§ Exercise details: Search the material below for the string "Front" and copy each line where it appears.
..............................
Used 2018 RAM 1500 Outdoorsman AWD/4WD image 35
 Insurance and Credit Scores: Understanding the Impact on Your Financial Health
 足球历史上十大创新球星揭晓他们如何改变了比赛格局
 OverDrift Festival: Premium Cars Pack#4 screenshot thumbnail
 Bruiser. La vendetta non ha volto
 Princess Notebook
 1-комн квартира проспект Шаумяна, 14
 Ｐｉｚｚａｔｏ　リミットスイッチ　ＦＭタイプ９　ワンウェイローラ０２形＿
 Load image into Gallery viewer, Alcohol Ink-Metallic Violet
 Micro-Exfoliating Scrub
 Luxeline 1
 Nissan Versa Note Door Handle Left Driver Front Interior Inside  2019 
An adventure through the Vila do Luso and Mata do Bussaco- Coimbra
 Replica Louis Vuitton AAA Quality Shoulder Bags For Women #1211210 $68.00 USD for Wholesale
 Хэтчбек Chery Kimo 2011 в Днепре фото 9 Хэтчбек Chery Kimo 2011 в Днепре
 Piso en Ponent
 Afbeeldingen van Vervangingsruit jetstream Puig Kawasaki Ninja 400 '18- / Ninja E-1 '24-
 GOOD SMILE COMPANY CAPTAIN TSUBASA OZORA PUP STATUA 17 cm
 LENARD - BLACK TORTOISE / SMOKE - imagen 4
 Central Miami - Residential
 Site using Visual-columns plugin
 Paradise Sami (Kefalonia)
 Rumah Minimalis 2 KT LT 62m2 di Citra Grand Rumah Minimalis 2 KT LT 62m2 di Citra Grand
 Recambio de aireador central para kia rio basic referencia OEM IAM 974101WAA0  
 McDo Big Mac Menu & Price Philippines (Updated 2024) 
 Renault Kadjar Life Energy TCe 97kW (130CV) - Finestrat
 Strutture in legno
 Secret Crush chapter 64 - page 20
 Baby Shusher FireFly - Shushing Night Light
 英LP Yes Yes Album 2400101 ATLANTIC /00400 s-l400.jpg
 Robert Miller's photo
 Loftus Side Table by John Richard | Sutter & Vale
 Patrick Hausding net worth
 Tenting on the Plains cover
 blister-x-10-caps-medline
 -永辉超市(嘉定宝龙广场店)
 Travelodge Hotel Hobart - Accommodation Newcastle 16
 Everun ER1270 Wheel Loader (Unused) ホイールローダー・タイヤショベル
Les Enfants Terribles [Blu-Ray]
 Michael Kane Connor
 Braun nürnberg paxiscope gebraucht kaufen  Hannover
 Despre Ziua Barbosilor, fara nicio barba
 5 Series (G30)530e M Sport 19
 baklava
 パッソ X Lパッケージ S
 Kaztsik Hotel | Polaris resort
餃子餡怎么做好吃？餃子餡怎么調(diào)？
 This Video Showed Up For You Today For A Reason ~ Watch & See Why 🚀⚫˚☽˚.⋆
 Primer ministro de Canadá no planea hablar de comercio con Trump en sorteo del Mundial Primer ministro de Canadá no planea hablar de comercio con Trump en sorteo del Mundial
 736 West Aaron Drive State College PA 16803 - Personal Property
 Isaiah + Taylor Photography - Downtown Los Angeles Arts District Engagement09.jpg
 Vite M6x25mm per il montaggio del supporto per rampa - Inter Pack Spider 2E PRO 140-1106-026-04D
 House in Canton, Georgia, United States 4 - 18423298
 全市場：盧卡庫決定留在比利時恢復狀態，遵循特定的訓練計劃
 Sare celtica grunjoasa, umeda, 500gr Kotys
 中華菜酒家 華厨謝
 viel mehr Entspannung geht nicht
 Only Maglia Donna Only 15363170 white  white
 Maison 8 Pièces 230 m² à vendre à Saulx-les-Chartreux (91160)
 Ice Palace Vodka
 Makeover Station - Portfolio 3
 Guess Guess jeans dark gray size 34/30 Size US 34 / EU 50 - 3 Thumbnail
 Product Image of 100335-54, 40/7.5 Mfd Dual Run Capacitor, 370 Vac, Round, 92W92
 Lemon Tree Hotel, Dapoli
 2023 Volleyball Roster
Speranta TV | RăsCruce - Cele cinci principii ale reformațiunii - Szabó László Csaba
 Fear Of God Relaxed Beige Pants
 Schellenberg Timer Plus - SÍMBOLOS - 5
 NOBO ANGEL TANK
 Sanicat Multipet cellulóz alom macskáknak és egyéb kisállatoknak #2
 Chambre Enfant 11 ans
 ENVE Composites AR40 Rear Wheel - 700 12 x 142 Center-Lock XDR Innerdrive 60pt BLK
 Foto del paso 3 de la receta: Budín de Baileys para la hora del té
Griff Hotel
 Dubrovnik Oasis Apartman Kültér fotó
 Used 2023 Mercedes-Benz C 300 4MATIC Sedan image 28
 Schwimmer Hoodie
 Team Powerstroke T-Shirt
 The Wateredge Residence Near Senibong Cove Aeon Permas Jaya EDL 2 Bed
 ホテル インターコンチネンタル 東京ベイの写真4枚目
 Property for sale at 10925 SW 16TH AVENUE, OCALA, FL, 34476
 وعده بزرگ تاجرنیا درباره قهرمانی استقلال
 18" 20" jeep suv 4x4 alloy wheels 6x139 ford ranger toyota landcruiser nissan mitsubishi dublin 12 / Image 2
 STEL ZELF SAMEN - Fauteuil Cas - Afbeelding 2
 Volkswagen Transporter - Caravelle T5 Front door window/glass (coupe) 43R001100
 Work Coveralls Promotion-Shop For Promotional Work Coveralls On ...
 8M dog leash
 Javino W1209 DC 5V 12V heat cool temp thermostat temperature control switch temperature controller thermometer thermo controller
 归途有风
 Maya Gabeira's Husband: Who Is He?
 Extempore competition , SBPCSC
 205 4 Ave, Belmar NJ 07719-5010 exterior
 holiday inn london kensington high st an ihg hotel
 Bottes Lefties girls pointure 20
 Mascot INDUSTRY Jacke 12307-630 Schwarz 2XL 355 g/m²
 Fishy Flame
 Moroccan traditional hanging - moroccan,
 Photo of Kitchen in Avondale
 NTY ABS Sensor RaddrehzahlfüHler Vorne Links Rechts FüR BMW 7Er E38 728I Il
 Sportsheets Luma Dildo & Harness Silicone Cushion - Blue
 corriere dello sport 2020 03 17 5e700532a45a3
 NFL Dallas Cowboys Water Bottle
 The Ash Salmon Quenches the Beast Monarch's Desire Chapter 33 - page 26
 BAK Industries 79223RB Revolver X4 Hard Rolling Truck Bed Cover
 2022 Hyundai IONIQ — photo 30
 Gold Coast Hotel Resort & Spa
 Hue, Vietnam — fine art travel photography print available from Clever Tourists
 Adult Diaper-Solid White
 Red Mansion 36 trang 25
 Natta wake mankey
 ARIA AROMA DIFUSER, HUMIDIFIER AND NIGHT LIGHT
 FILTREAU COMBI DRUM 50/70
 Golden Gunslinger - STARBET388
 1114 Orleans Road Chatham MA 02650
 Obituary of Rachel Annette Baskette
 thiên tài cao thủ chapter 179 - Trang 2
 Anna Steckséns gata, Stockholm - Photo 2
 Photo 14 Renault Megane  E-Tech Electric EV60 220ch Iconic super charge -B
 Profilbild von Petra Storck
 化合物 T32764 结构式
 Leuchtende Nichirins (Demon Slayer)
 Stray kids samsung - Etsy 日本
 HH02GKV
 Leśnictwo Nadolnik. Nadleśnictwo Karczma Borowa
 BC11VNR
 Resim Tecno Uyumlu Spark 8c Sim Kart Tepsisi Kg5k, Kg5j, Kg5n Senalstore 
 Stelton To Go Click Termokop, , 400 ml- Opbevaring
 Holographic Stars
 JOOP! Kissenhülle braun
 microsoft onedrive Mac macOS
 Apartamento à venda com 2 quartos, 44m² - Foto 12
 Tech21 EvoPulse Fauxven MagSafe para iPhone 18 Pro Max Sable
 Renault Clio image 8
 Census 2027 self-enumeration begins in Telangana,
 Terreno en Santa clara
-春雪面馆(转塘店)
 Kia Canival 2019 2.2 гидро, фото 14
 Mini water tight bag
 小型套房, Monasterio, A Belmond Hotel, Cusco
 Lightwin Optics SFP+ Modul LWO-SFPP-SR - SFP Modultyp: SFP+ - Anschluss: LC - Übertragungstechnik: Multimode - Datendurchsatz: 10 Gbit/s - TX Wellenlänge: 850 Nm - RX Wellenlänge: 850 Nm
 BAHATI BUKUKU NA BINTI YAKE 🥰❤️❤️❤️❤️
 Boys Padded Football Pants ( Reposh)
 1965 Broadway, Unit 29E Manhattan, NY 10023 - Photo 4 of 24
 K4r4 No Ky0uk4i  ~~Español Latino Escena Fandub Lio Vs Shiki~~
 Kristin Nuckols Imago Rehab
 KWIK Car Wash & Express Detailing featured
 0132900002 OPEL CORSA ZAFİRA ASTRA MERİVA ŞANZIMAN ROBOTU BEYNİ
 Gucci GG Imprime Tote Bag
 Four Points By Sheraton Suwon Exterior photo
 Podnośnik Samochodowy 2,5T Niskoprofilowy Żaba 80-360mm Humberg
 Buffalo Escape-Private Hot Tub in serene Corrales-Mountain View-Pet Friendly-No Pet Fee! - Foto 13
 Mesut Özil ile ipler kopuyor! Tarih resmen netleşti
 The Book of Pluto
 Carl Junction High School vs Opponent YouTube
..............................
§ Final answer:
 Nissan Versa Note Door Handle Left Driver Front Interior Inside  2019 
 Volkswagen Transporter - Caravelle T5 Front door window/glass (coupe) 43R001100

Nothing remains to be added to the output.